Final answer:
a) The time of flight is approximately 5.102 seconds. b) The range PQ is approximately 176.48 meters. c) The greatest height above PQ is approximately 63.98 meters.
Step-by-step explanation:
a) To find the time of flight, we can use the formula t = 2v*sin(theta)/g, where v is the initial velocity and theta is the angle of projection. Plugging in the values, we get t = 2 * 50 * sin(60°) / 9.8 ≈ 5.102 seconds.
b) The range PQ can be calculated using the formula R = v²*sin(2*theta)/g. Plugging in the values, we get R = 50²*sin(120°)/9.8 ≈ 176.48 meters.
c) The greatest height above PQ can be found by using the formula H = (v²*sin²(theta))/(2*g). Plugging in the values, we get H = (50²*sin²(60°))/(2*9.8) ≈ 63.98 meters.
d) To find the height above PQ after 2 seconds, we can use the formula h = v*sin(theta)*t - (1/2)*g*t². Plugging in the values, we get h = 50*sin(60°)*2 - (1/2)*9.8*2² ≈ 56.72 meters.

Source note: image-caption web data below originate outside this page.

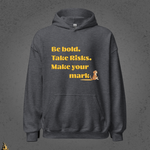 Be Bold. Take Risks. Make Your Mark. | Funny Dog Butt Scoot Sarcastic Unisex Hoodie 10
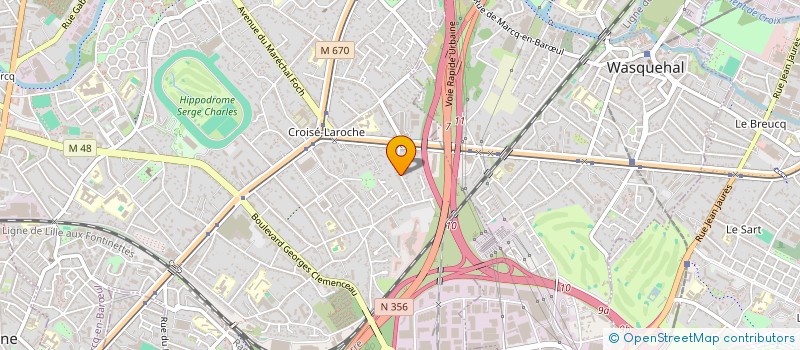 localisation de l'entreprise SCI DE L HERRENGRIE à MARCQ-EN-BARŒUL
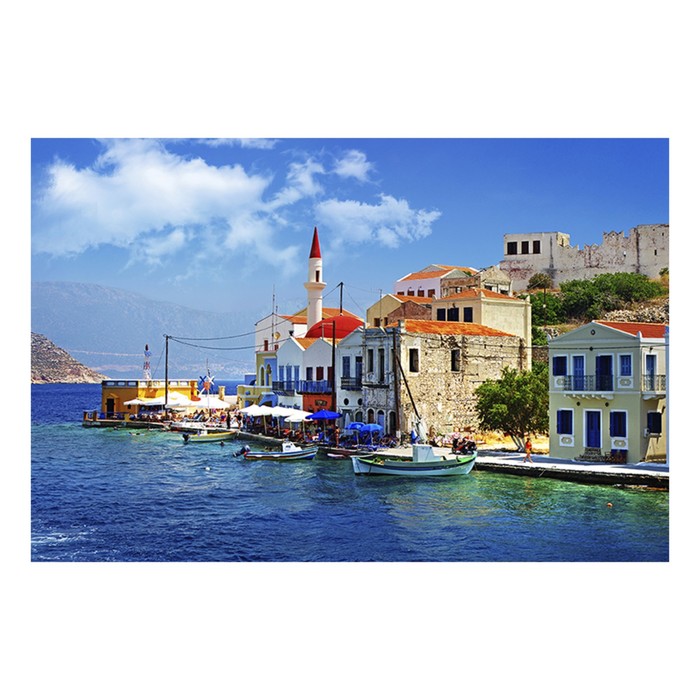 Картина стразами "Полуостров Халкидики"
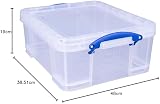 Really Useful Box 18 Litre Plastic Storage Clear with Handles view 8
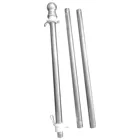 Набор флагштоков из нержавеющей стали для сада, двора, грузовика, фотодержатель, большой металлический флагшток для стен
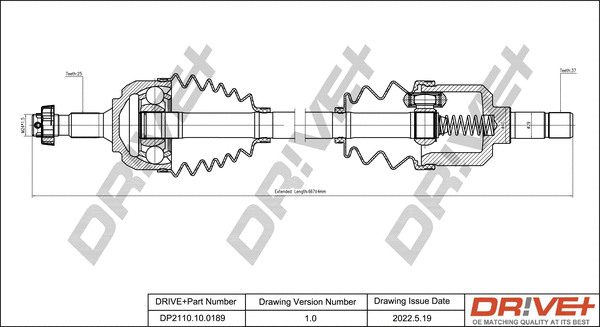 Drive Shaft (DP2110.10.0189)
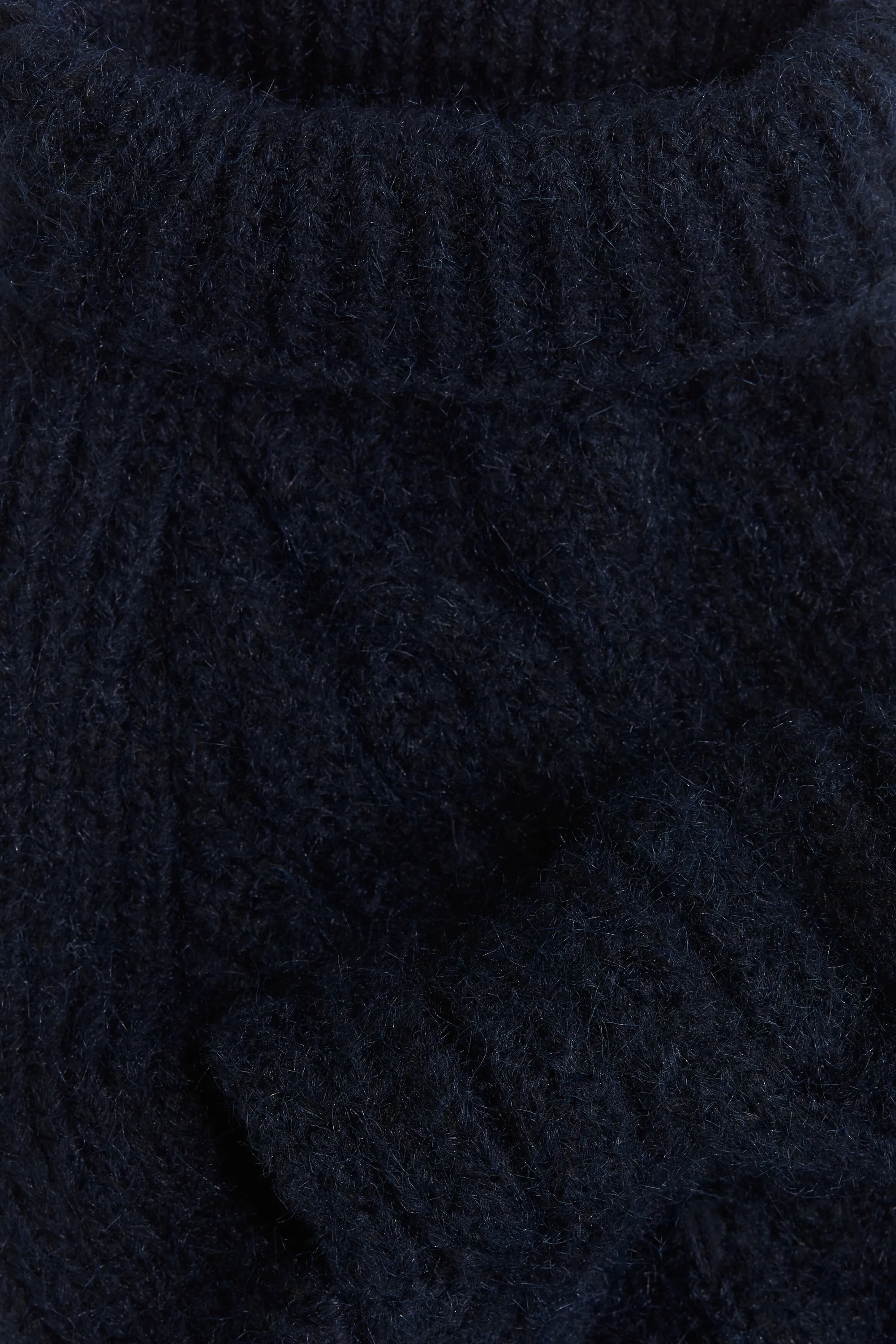 Pull pour chien en maille torsadée - Bleu marine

e) The direction of flight after 3 seconds can be determined by finding the horizontal and vertical components of velocity at that time. The horizontal component remains constant, so it will be 50*cos(60°). The vertical component can be found using the formula v_y = v*sin(theta) - g*t, where t is the time. Plugging in the values, we get v_y = 50*sin(60°) - 9.8*3 ≈ 10.435 m/s. Therefore, the direction of flight after 3 seconds is given by the angle tan^(-1)(10.435/50*cos(60°)).